The speed of light as a limit: If the world-lines of bodies in relative motion are taken as having the same spacetime interval but with varying spatial and temporal components according to their relative spacetime trajectories, the limiting spatial velocity is the interval of a world-line along the space axis measured in terms of the same interval along the corresponding time axis. A vector drawn along the x-axis in figure 1c to represent a ray of light extends as far along the x-axis as time elapses for the observer in the duration of the diagram. There is no vector that can extend further in space than one that has a temporal component of zero.

The speed of light as invariant: Due to the invariance of the observer's and observed spacetime intervals, each observer will measure light as traveling the same distance in space as time elapses in that observer's reference frame, and though the measure of the spatial distance traveled by a beam of light between events will vary between reference frames, the rate will always be agreed upon. We can also infer from the observation of light as projected in figure 1c that distance in time is equivalent to distance in space - that one second in time is the same distance, but in a perpendicular direction, as 300,000 km in space.

The Hypothesis

The fact that the motion of material bodies is relative, and limited below c, while the motion of light is invariant, and an absolute limit c, suggests a fundamental distinction. If motion in time were to be regarded as a correlate of mass, if the clock of a material body is unable to stop entirely, and if in contrast light is massless, and its clock (if it could be said to have one) is invariably motionless, then light could be construed as actually, absolutely, not-moving in time. And if light doesn't move in time, it seems meaningless to say that it moves at all.

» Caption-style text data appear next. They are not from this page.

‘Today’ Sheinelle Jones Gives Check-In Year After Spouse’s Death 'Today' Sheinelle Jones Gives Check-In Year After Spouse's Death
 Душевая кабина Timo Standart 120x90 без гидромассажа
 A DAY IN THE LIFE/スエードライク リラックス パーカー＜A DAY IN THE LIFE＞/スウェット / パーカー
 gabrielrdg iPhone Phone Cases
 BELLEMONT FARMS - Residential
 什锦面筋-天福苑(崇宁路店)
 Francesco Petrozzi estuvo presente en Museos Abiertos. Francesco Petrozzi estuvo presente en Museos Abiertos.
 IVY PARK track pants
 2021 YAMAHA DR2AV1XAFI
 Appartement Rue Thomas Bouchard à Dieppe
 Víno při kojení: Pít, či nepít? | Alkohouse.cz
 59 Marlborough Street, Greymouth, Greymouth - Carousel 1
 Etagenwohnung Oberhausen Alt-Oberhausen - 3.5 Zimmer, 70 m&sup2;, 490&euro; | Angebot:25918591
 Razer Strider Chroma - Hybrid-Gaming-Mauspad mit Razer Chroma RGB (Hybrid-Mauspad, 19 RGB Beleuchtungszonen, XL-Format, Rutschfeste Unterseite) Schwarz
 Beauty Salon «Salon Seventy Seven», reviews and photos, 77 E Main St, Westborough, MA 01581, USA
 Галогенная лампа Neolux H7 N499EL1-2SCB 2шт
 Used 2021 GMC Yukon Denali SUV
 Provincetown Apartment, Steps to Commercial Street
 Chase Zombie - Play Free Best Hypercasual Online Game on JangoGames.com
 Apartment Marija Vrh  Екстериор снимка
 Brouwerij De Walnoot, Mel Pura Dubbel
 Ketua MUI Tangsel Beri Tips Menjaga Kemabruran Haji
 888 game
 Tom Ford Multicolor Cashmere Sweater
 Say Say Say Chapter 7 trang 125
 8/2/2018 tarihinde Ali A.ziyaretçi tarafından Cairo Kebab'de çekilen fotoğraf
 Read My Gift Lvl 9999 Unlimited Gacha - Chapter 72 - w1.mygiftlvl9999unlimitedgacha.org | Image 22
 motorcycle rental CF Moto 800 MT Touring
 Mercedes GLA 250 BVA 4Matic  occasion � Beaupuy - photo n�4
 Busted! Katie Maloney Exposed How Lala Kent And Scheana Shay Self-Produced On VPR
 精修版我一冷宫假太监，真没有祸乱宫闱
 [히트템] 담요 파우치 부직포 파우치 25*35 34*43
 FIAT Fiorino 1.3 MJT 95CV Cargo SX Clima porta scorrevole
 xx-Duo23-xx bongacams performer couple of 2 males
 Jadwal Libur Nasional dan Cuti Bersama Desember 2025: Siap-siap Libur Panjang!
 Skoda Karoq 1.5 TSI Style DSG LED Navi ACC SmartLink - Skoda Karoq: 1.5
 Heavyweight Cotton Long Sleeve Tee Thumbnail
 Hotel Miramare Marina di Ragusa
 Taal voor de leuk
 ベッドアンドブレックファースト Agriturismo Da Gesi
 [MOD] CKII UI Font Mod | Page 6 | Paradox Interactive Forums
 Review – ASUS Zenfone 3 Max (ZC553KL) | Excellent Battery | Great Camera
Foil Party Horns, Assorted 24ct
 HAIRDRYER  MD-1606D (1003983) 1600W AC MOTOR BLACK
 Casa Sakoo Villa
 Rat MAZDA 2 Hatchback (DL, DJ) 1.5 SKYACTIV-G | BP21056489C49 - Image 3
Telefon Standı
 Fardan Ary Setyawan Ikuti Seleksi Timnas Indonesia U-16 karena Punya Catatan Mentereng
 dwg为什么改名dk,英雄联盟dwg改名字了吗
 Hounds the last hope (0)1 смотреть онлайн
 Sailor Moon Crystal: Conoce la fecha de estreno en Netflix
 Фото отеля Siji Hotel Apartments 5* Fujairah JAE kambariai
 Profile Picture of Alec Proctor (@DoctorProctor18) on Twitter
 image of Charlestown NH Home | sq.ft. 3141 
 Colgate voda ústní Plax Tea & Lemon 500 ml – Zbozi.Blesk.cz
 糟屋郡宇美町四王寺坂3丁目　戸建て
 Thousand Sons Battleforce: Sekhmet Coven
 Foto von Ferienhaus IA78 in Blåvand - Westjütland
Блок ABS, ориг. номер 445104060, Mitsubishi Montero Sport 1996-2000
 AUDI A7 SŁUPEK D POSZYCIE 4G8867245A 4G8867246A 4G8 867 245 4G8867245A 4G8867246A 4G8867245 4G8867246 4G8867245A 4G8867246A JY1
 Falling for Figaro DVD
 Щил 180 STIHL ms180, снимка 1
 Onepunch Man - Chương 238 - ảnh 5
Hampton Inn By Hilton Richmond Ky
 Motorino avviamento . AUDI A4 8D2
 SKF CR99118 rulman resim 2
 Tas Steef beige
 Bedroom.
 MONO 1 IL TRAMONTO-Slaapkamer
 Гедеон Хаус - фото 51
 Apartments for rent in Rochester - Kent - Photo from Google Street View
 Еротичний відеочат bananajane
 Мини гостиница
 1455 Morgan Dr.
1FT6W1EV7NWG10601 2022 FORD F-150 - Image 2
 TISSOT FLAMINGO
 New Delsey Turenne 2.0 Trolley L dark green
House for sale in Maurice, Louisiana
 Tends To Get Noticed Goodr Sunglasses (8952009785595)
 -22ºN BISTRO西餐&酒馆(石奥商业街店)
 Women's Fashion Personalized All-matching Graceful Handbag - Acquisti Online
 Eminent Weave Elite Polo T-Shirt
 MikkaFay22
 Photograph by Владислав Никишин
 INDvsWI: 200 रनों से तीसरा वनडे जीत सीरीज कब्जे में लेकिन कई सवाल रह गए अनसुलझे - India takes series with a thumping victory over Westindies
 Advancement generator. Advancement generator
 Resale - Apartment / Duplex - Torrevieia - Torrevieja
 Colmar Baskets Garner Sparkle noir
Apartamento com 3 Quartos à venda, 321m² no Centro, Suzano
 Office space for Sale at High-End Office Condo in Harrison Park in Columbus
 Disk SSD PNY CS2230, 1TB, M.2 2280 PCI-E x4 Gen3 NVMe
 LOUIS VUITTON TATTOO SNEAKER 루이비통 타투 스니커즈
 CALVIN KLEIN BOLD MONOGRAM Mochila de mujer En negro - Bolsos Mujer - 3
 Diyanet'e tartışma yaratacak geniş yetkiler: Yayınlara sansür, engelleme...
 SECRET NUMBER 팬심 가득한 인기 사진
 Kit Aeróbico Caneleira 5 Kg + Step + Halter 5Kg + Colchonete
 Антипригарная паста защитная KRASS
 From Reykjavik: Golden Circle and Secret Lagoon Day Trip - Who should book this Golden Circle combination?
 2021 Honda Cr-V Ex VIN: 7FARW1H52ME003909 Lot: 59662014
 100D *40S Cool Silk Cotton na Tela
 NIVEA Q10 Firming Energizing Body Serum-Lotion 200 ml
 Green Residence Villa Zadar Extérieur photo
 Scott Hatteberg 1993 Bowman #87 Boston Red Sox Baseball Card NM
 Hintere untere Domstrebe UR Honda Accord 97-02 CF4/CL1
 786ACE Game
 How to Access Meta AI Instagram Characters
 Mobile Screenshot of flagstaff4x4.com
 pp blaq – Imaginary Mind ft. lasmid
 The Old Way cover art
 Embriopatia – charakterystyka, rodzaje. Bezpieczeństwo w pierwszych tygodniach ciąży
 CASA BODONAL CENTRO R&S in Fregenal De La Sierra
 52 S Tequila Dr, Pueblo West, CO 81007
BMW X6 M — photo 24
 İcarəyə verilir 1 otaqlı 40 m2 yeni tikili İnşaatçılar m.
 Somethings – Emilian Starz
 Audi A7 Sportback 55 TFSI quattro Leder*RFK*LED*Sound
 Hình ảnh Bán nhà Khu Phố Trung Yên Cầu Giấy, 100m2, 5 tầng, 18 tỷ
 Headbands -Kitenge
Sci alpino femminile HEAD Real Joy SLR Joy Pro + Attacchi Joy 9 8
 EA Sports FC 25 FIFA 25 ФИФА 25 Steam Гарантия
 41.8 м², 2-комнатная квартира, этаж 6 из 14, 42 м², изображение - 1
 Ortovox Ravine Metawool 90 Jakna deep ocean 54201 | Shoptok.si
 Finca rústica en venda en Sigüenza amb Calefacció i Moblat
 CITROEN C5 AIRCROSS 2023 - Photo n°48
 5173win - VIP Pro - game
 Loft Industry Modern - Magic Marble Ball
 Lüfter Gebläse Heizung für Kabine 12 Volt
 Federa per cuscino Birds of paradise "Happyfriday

The question is: If light is considered to be at absolute rest, if the apparent motion of light is actually the reflection of the motion of mass in time, however absurd the idea may seem at first, then what paradoxes could be resolved, what potential exists for a more comprehensive understanding of other issues and phenomena? What if material (massive) bodies exist in spacetime, but photons are embedded in space? What would be the implications if light is at absolute rest, and if the motion of mass in time - perpendicular to space and yet always in space - is the basis of all motion, real and apparent?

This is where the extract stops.